③ワークショップ: サステナビリティレポートの相互チェック
時間: 14:35~15:55
講師: 森 摂(オルタナ 代表取締役/オルタナ編集長)
サステナ経営塾第19期下期第2回の第3講ではワークショップを行った。パイロット企業のサステナビリティレポートをグループ内で相互チェックし、それぞれの課題や解決策について話し合った。
森が解説したサステナビリティレポートの作成において重視すべきポイントは、下記の通り。
・サステナビリティレポートは、①現状を肯定しない②答えはない③未来志向で(長期思考)の3つのポイントを考慮する必要がある
・「誰に読んでもらいたいのか」という対象読者を明確にする。特に、未来の社員(学生)も視野に入れる
・サステナビリティレポートは、紙であれば大体30~40ページが読みやすく、オンラインであればフル版とレジュメ版に分けて掲載するなど、読者が読みやすい工夫が必要だ。写真や図を多くするビジュアルの充実性や雑誌のようなかみ砕いた文章構成も重要だ。
・サプライチェーン全体に伝えるため、サステナビリティレポートの多言語化を進めることも重要である。これは、DEI推進にも関わることであり、ジェンダーだけでなく、国籍や障がいなどへ目を向けた対応を意識しなければならない
・社長メッセージについては、外部の方を招いた対談やインタビューなどを活用して、社長自らが話すことが重要であり、それが社風改革や語り継がれるストーリーを形づくる
・歴史ある日本の企業はパーパスや社訓を常に持っているが、それをどうやって現代社会の問題を取り入れながら再定義していくかが問われている。会社が進んでいる方向やビジョンを明確にする仕事を担うのがサステナビリティ部署であり、誇りを持って取り組んでほしい。

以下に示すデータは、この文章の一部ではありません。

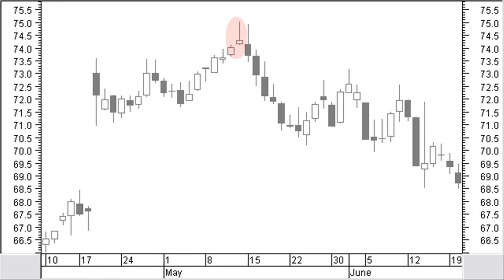A bearish shooting star is a small white or preferably a small black body near the low price. It has a long shadow above, minimum twice the size of the body, and a very small shadow or no shadow below. There is a gap between the bodies of the bearish shooting star and the previous candle — a top reversal only after confirmation. A bearish gravestone doji is a bearish shooting star where the opening, closing, and low prices are all about the same.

④みずほフィナンシャルグループのグリーンファイナンス戦略
時間:16:10〜17:30
講師:新見泰寛氏(みずほフィナンシャルグループ サステナブルビジネス部副部長)
第4講には、みずほフィナンシャルグループの新見泰寛・サステナブルビジネス部副部長が登壇し、「みずほフィナンシャルグループのグリーンファイナンス戦略」について講義した。主な講義内容は次の通り。
・社会課題の解決に向けて企業を取り巻く環境が劇的に変わった。企業を評価するファクターが増えた。従来は、事業内容や業績を説明していればよかったが、環境や社会課題に対する取り組みもステークホルダーへの説明責任が求められるようになった。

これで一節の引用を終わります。